The name of the first respondent be amended to read ‘Minister for Immigration and Multicultural Affairs’.
The application filed on 9 June 2005 is dismissed.
The applicant is to pay the first respondent’s costs and disbursements of and incidental to the application.
| FEDERAL MAGISTRATES COURT OF AUSTRALIA AT SYDNEY |
SYG1557 of 2005
| SZGNQ |
Applicant
And
| MINISTER FOR IMMIGRATION & MULTICULTURAL AFFAIRS |
First Respondent
| REFUGEE REVIEW TRIBUNAL |
Second Respondent
REASONS FOR JUDGMENT
The Proceedings
These proceedings were commenced by an application under s.39B of the Judiciary Act 1903 (Cth) invoking s.483A of the Migration Act 1958 (Cth) (“the Act”) filed in the Sydney Registry of the Federal Magistrates Court of Australia on 9 June 2005 for judicial review of a decision of the Refugee Review Tribunal (“the Tribunal”).

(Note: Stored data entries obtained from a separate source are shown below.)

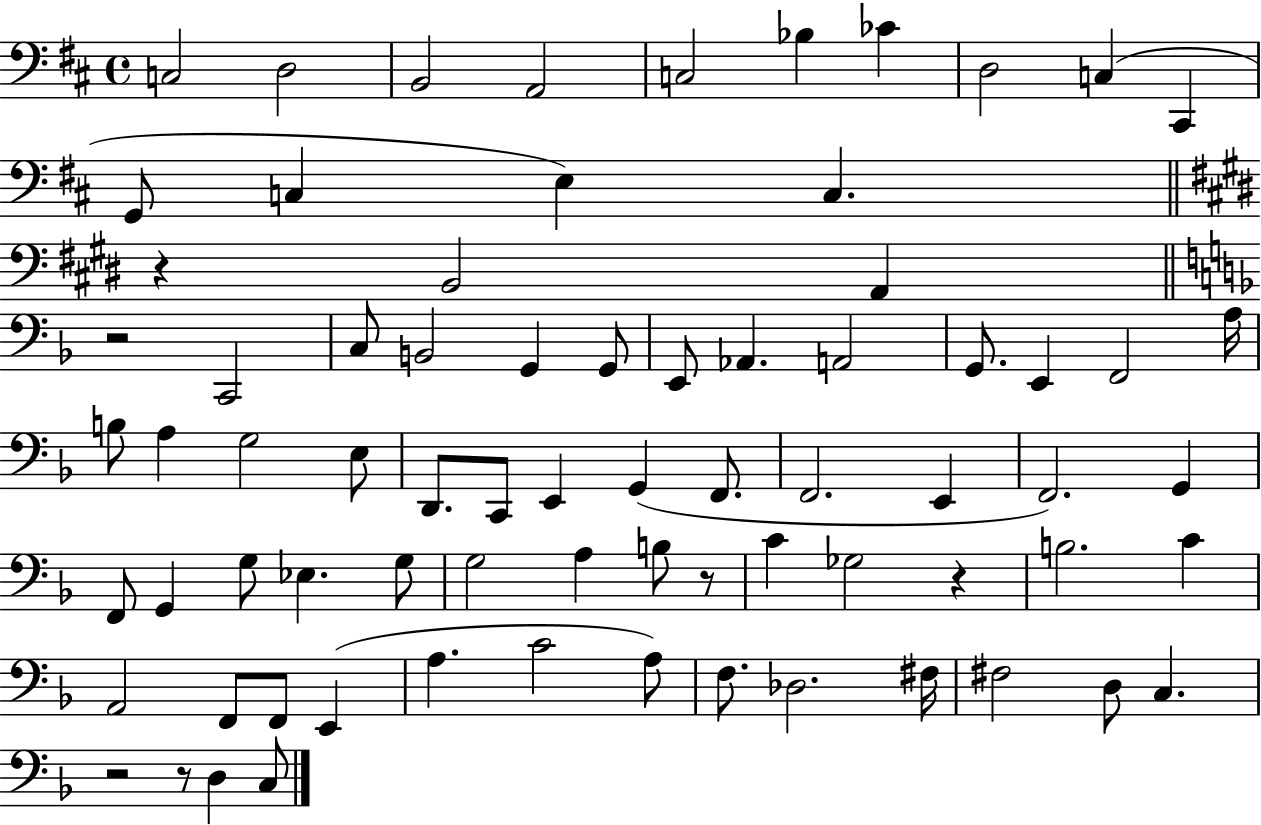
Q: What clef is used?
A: bass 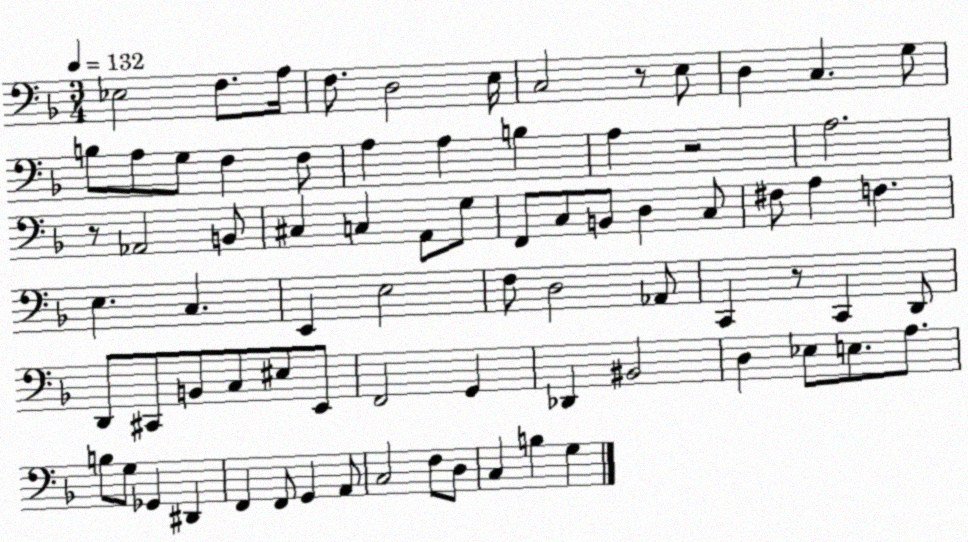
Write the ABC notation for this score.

X:1
T:Untitled
M:3/4
L:1/4
K:F
_E,2 F,/2 A,/4 F,/2 D,2 E,/4 C,2 z/2 E,/2 D, C, G,/2 B,/2 A,/2 G,/2 F, F,/2 A, A, B, A, z2 A,2 z/2 _A,,2 B,,/2 ^C, C, A,,/2 G,/2 F,,/2 C,/2 B,,/2 D, C,/2 ^F,/2 A, F, E, C, E,, E,2 F,/2 D,2 _A,,/2 C,, z/2 C,, D,,/2 D,,/2 ^C,,/2 B,,/2 C,/2 ^E,/2 E,,/2 F,,2 G,, _D,, ^B,,2 D, _E,/2 E,/2 A,/2 B,/2 G,/2 _G,, ^D,, F,, F,,/2 G,, A,,/2 C,2 F,/2 D,/2 C, B, G, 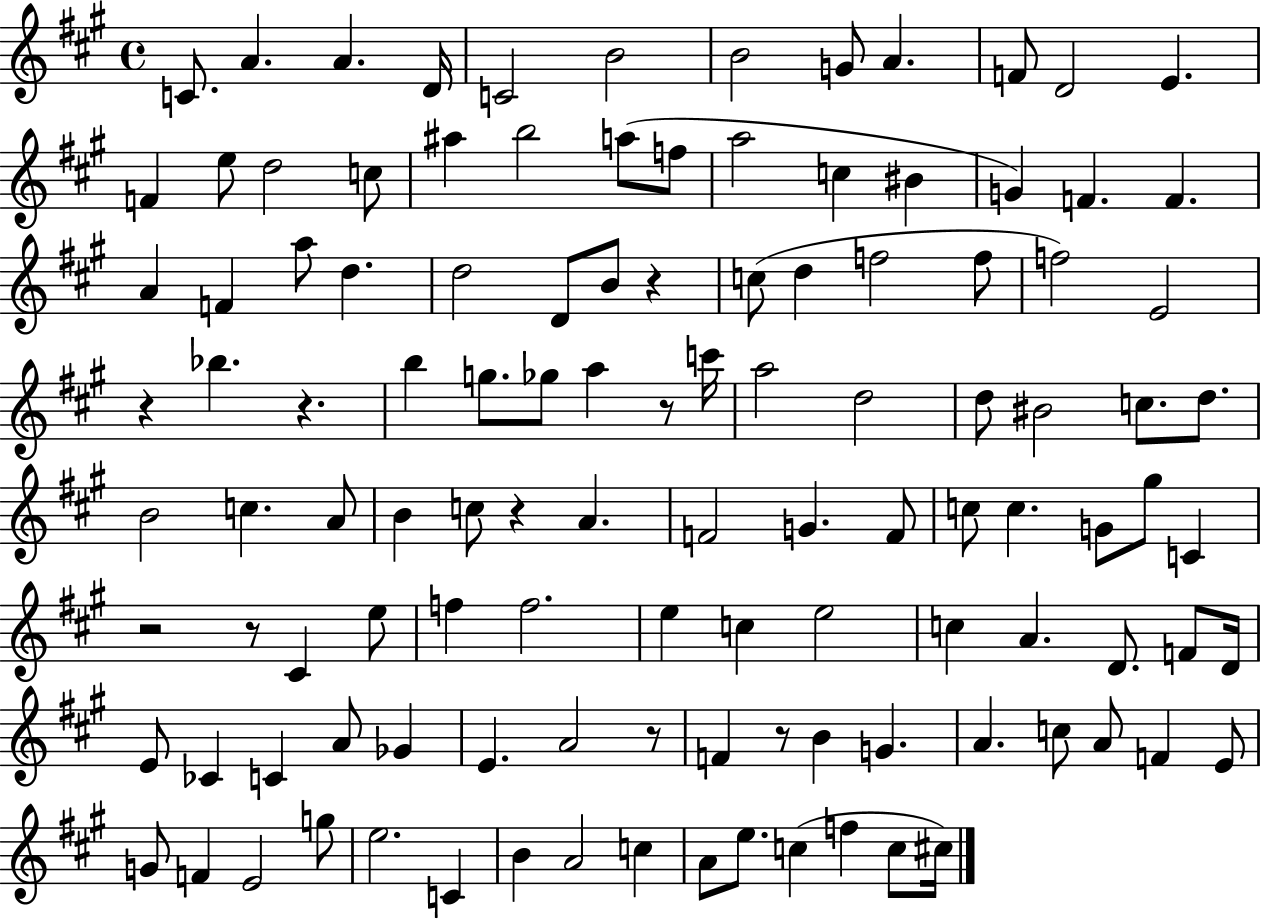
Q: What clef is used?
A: treble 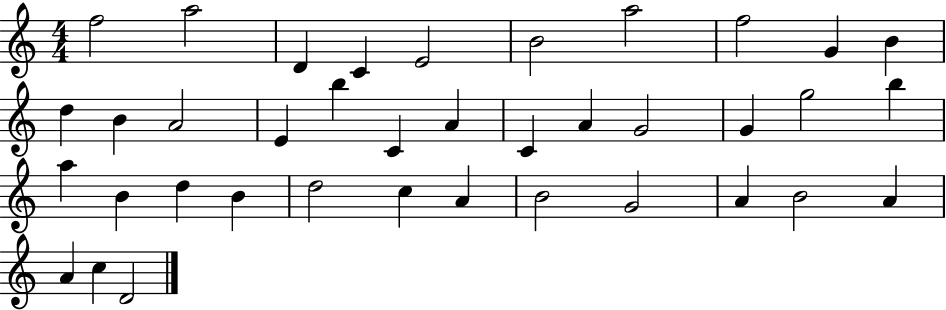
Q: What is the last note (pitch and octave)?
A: D4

The Tribunal decision was made on 4 March 1996, affirming a decision of the delegate of the first respondent made on 6 June 1995, refusing to grant the applicant refugee status and a Domestic Protection (Temporary) Entry Permit (“DPTEP”). The applicant seeks relief in the form of constitutional writs against the decision of the Tribunal.
The applicant in these proceedings is not to be identified pursuant to s.91X of the Act and has been given the pseudonym “SZGNQ”.
The applicant has not sought to join the Tribunal as a party, however given that it is an exercise of the Tribunal’s jurisdiction that is under review, I will make the appropriate order that the Tribunal is joined as a party: SAAP v Minister for Immigration [2005] HCA 24 at [43], [91], [153] and [180].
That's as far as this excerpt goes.